Why does your resolv.conf file on both your server and client machines consist of only this line?

What type of network are you running? E.g. .... Is this a home network with an ISP modem and off the shelf router? Are you running a separate box that acts as a Gateway, Router, DNS Server... etc?

Your resolv.conf files look wrong.


----------



## sk8harddiefast (Mar 12, 2012)

I am on my local network (home). None seperate box. I have FreeNAS and freebsd FreeBSD, both of them with link aggregation. Both of them are connected to a 16 port switch. On the same switch is ISP's router. Always was working. The problem started when I changed ISP and router.

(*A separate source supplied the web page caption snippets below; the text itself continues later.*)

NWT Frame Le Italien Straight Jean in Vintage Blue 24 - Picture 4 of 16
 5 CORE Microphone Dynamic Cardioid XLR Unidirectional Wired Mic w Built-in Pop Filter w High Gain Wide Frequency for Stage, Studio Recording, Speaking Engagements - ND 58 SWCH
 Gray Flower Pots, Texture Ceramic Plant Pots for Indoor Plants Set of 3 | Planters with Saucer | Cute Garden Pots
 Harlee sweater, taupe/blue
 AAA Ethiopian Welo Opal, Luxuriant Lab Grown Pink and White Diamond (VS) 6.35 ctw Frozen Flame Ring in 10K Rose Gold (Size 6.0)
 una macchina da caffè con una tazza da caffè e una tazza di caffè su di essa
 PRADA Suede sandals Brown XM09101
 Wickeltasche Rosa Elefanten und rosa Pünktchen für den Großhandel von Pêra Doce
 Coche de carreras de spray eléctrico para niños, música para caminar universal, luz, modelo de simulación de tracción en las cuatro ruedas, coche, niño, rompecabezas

I search on my FreeNAS settings, freebsd FreeBSD settings, router settings, I reinstall freebsd FreeBSD, I update my FreeNAS but still get the same error.

Something is wrong but I can't understand where and why. I dont think that's freebsd FreeBSD's fault because it's still not working after a clean install.

But where to search? About what problem? Freebsd FreeBSD pings FreeNAS, FreeNAS pings freebsd FreeBSD. FreeNAS' HDD's mounted and work. Network config on both of them work. Where is the problem and refuse to mount my HDD's on boot?

Ps: Sorry Dutchdaemon. You have right. Just I am posting from a tablet.


----------



## joel@ (Mar 12, 2012)

sk8harddiefast said:
			
		

> What I should add on */etc/hosts*?


As a test: on the NFS server, add the correct hostname/ip's for both your NFS server and NFS client to /etc/hosts and see if it works.


----------



## JimW (Mar 12, 2012)

sk8harddiefast said:
			
		

> Something is wrong but I can't understand where and why. I dont think that's freebsd FreeBSD's fault because it's still not working after a clean install.
> 
> But where to search? About what problem? Freebsd FreeBSD pings FreeNAS, FreeNAS pings freebsd FreeBSD. FreeNAS' HDD's mounted and work. Network config on both of them work. Where is the problem and refuse to mount my HDD's on boot?



You can succesfully ping the other box by using the IP address. You can probably also successfully ping 127.0.0.1 .... but all that means is that the IP protocol is working. It doesn't mean your network configuration is setup properly.

Try Joel's suggestion regarding your hosts file on the server.

Otherwise, I would suggest binding the server's IP address to *mountd* in the server *mountd_flags* statement in the rc.conf file.


----------



## sk8harddiefast (Mar 13, 2012)

Ok. Adding my FreeBSD's IP and hostname on my FreeNAS, made the job. Now are mounted on boot and everything is as before. Thanks a lot @joel and @jimw 
Solved


----------